No início de 1995, a Direcção-Geral do Emprego e Formação Profissional foi incumbida de fa-zer a actualização de um conjunto de medidas de política adoptadas anteriormente. O trabalho foi realizado conforme o previsto, mas os seus autores sentiam que não podiam ficar por aí; entenderam que era necessário acrescentar um breve conjunto de propostas respeitantes à economia social, ao desenvolvimento sociolocal e à investigação sobre emprego-formação. Foi com alguma apreensão que a Direcção-Geral submeteu estas propostas ao Secretário de Estado que, por sua vez, as submeteu ao Ministro Falcão e Cunha; este assinou, sem qualquer objecção, o projecto de portaria que as incluía nos seus capítulos VI a VIII. Tratava-se da Portaria nº. 247/95, de 29 de Março.
Estas medidas, assim consagradas, tinham na sua base o reconhecimento da centralidade do desenvolvimento sociolocal, voltado para a «prevenção e solução de problemas de emprego-formação» (nº. 24º. da Portaria); tal desenvolvimento aconteceria a partir das relações de proximidade, típicas da esfera local, e mediante o dinamismo da economia social, articulada com a acção social (nºs. 22º. e 23º.). Para o incremento da animação sociolocal, seria criada um rede de apoio e consulta, em todo o país, incluindo organizações já existentes e outras que viessem a ser criadas (nºs. 24º. a 29º.; deste modo, todas as localidades interessadas na animação para o desenvolvimento sociolocal teriam acesso a uma entidade que as apoiaria. A rede proporcionaria, ainda, a articulação com centros de investigação científica e técnica, para vantagens mútuas (nºs. 30º. e 31º.).

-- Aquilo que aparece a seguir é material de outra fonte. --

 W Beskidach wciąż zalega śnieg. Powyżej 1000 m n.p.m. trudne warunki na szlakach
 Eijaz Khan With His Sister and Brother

Para a viabilização humana, técnica e financeira deste projecto estava previsto, além do que figura na Portaria, o recurso ao voluntariado de animação local e de apoio técnico, e bem assim aos meios financeiros provenientes, a prazo, do valor económico acrescentado pelas empresas criadas e desenvolvidas em cada localidade abrangida. Por tudo isto, justifica-se plenamente recordar um homem que, formado em engenharia e marcado por um saudável realismo operativo, nos deixou um legado que apela à criatividade genera-lizada a favor do desenvolvimento humano, sem exclusões, a partir das relações de proximidade. Obrigado, José Falcão e Cunha.